3. Appearance. A tenant must respond to the summons and complaint by filing an appearance with the court. If the tenant does not file an appearance, the landlord may file (a) a motion for judgment for failure to appear and (b) an endorsed copy of the notice to quit with the court clerk. The court must then enter a judgment against the tenant and issue an order to vacate (CGS § 47a-26).
4. Answer to Complaint. In addition to filing an appearance, the tenant should file a summary process answer. If he or she does not, a landlord can file a motion for judgment based on failure to plead. And if the tenant fails to plead within three days after receipt of the motion by the clerk, the court must enter judgment against the tenant (CGS § 47a-26a).
5. Trial. A trial is scheduled after pleadings are closed (after the complaint has been answered and any special defenses have been raised and countered) (CGS § 47a-26d).

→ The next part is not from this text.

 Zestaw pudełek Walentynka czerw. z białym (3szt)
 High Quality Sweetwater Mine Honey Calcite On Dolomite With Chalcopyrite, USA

6. Judgment and Execution. A judgment is entered after the trial. If judgment is entered for a landlord, he or she must ask the court for an order of execution, which requires the tenant to move. After the court issues the execution, it must be given to a state marshal for proper service. The state marshal then serves the execution on the tenant. The state marshal is required to use reasonable efforts to locate and notify the tenant of the eviction date and time. After this period, the state marshal can physically remove the tenant's possessions (CGS § 47a-26d).
7. Stay of Execution. The law provides for an automatic five-day stay of execution. The tenant must file any appeal within this period (CGS § 47a-35). The court may grant an additional stay of up to six months if the tenant applies for it and proves, at a hearing, that he or she cannot find other suitable premises in the same town or an adjacent town (CGS §§ 47a-38 and –39).